** Opening Provided material block **

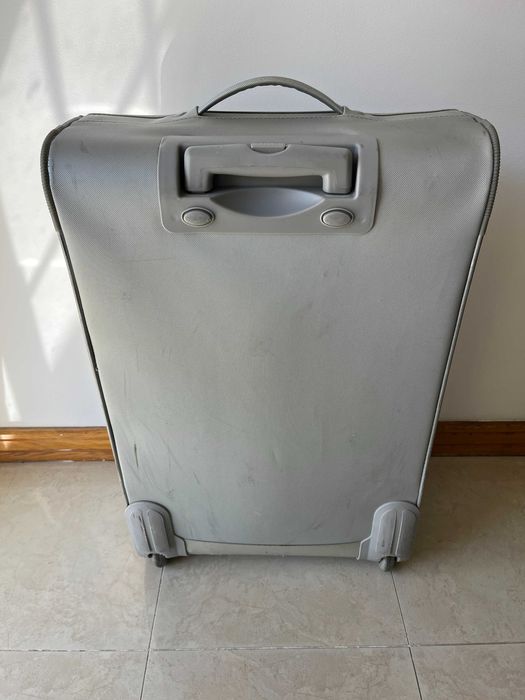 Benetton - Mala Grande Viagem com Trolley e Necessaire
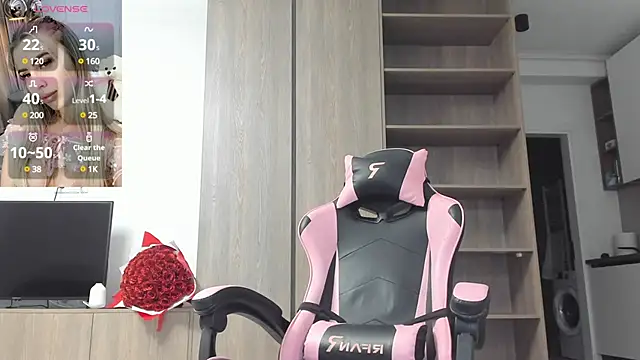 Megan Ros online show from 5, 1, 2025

** Closing Provided material block **
** Opening Provided material block **

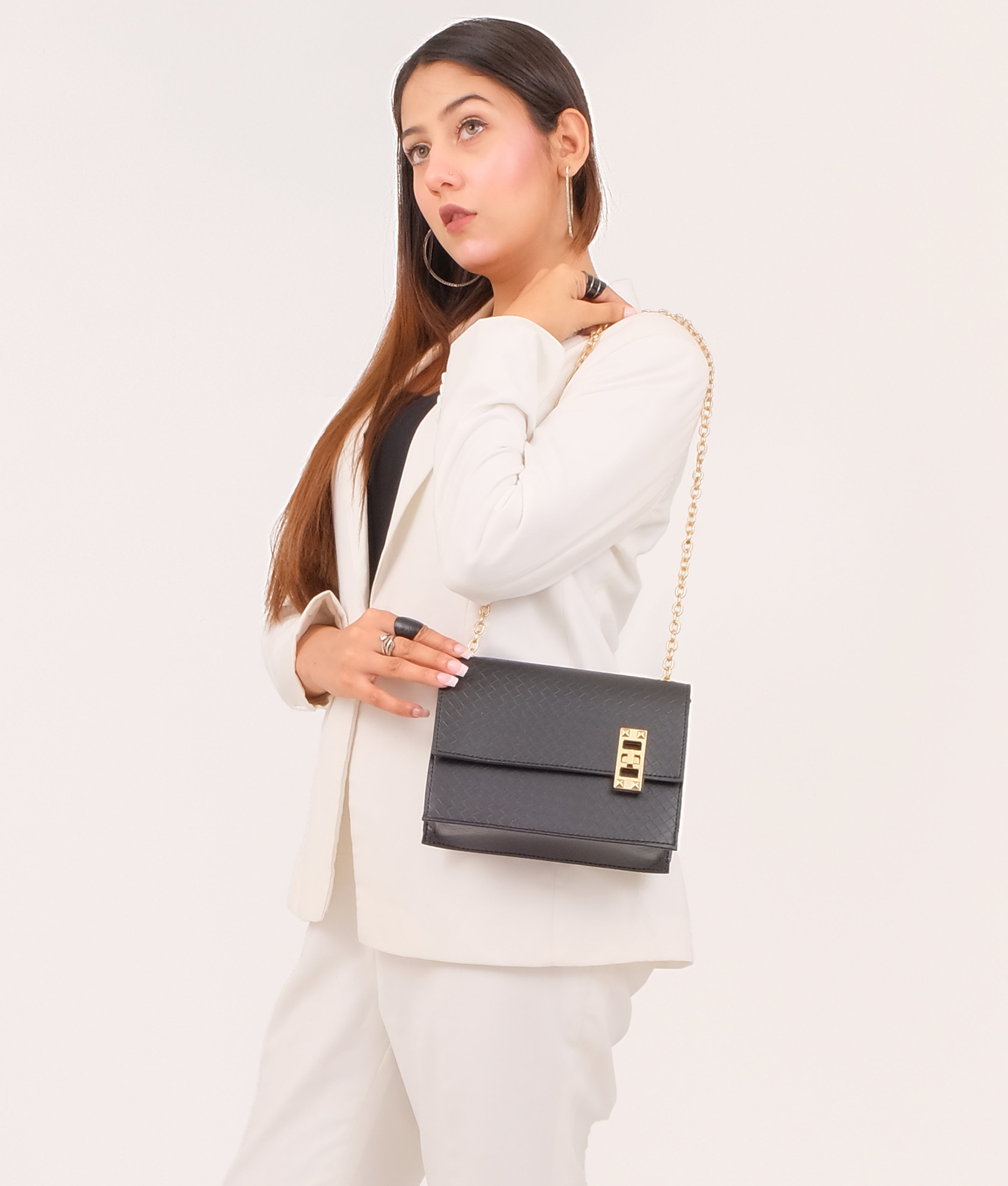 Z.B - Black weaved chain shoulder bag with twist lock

** Closing Provided material block **
** Opening Provided material block **

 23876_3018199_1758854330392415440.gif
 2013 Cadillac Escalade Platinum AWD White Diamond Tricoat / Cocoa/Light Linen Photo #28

** Closing Provided material block **

### Work to complete
Return the lines above from the one with "Benetton - Mala" through the one with "Megan Ros online show from 5, 1, 2025", verbatim and nothing else. Omit every picture.

### Task response
 Benetton - Mala Grande Viagem com Trolley e Necessaire
 Megan Ros online show from 5, 1, 2025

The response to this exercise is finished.